US Federal Reserve Chairman Ben Bernanke told Congress that financing activity in bond and business loan markets remains brisk, despite widening credit spreads and tightening of terms for leveraged business loans.

The US’ worsening subprime mortgage market and investor fears over the corporate debt markets fueling private equity deals were acknowledged this week by US Federal Reserve Chairman Ben Bernanke.

“Credit spreads on lower-quality corporate debt have widened somewhat, and terms for some leveraged business loans have tightened,” Bernanke said before both the House’s Committee on Financial Services and the Senate’s Committee on Banking, Housing, and Urban Affairs. “Even after their recent rise, however, credit spreads remain near the low end of their historical ranges, and financing activity in the bond and business loan markets has remained fairly brisk.”
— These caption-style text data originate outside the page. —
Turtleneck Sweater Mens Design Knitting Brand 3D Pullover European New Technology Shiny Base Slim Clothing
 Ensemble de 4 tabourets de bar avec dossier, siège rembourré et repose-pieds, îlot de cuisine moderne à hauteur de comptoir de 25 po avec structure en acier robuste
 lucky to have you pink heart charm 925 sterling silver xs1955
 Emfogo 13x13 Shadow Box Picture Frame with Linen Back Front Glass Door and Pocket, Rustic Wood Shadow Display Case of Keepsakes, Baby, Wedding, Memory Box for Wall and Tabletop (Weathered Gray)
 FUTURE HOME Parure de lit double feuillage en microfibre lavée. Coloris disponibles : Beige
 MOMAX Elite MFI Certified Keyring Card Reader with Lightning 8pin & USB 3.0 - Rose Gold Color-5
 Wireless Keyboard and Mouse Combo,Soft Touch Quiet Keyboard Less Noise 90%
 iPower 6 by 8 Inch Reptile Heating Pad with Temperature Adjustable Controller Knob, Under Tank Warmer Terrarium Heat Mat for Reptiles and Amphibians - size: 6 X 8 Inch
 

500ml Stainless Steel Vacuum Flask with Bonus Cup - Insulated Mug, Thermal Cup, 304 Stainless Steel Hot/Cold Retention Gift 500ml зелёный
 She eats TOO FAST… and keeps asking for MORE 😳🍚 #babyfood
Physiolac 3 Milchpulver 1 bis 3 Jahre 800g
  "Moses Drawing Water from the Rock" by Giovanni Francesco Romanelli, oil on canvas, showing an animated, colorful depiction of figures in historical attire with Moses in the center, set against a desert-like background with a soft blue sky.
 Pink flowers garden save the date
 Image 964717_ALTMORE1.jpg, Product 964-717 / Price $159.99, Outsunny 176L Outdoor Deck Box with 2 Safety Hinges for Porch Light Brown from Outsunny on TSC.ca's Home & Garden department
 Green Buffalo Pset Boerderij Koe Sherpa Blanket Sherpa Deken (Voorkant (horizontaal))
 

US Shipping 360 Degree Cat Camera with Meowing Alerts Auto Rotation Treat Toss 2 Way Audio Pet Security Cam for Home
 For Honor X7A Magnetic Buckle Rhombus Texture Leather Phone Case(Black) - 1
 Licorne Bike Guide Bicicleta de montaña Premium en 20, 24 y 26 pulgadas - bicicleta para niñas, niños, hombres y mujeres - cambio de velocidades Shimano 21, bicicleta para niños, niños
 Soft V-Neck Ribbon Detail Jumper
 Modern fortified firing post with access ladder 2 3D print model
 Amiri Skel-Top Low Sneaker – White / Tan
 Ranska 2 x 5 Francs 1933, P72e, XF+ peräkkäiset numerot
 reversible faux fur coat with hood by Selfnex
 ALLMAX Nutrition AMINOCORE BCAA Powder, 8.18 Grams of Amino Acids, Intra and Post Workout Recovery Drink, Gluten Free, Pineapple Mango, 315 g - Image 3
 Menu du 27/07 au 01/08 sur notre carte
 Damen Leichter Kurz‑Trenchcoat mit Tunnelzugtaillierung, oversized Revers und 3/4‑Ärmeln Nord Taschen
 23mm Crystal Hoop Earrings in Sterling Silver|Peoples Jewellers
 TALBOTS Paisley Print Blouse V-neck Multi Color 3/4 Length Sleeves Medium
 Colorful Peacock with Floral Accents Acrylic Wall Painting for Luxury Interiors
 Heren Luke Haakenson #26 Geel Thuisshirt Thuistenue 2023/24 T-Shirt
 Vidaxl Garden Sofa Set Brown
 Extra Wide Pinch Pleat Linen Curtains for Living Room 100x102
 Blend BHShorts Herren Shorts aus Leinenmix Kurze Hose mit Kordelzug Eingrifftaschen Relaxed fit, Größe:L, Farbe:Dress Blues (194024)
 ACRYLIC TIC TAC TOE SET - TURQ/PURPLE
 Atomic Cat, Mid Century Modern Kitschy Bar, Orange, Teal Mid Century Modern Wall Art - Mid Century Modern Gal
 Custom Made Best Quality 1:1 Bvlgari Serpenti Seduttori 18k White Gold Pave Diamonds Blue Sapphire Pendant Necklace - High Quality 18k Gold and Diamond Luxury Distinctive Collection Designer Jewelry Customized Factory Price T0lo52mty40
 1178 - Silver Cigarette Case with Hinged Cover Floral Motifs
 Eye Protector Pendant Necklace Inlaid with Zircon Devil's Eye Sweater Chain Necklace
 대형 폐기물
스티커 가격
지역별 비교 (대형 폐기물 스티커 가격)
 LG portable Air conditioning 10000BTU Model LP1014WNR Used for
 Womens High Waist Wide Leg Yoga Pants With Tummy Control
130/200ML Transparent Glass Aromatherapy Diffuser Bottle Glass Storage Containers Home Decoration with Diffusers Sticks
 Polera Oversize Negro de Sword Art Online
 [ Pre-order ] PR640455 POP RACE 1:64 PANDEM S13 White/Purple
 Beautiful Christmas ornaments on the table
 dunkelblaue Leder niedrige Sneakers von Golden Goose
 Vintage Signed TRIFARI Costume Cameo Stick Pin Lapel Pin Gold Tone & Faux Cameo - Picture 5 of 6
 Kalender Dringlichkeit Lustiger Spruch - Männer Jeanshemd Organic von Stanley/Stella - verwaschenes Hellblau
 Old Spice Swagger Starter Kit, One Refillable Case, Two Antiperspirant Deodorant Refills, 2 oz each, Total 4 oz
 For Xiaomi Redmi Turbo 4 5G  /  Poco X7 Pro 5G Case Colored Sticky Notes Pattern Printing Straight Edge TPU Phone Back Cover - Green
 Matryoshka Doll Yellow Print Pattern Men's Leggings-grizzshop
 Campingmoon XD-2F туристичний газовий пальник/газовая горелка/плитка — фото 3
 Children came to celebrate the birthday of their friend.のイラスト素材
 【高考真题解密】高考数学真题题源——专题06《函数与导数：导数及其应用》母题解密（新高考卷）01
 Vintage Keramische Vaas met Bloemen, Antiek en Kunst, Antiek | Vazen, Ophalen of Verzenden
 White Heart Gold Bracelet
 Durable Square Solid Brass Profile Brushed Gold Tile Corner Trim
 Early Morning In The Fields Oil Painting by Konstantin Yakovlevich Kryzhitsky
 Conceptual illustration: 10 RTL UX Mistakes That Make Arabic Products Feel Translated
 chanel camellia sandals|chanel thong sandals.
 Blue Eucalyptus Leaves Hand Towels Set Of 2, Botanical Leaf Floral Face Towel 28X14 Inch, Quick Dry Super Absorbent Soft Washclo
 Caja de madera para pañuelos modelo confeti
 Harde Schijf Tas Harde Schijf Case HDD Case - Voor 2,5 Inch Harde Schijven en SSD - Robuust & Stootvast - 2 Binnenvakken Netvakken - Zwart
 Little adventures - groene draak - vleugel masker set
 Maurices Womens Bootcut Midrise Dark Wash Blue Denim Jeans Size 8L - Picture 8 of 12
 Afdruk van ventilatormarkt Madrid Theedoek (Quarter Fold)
The changing tides of the credit market may cause the use of equity bridges and cov-lite loans to disappear from private equity deals, say some industry veterans.

Sam Schwerin, a managing partner with New York-based Millennium Technology Ventures said that until recently, lenders have been “going out to that last, last level in the amount of leverage you can put on and the terms you can accept, and the rates you can accept. So I think there’s nowhere to go but down, in terms of volume and up in terms of rates, up in terms of terms.”

Already, he said, there’ve been noticeably less deals financed with cov-lite loans, whereas “there have been an enormous amount of convenant lite deals in the past”.

The trouble lenders apparently had in syndicating $5 billion in debt they’d secured with a bridge loan for the recent $7 billion buyout of Royal Ahold’s U.S. Foodservice by Kohlberg Kravis Roberts and Clayton, Dubilier & Rice, Schwerin said, “may be a harbinger of things to come”.

Schwerin added: “That sort of thing could very, very quickly stop the aggressive set of terms on debt, which means that the value of acquisitions fall because the level of leverage and the terms that are available on debt aren’t as aggressive as they once were.”

Jamie Dimon, JPMorgan chief executive, today said equity bridges are “a terrible idea” and “bad financial policy” both for banks and private equity firms.

“It’s silly to take all that downside risk and not have any upside potential,” Dimon said.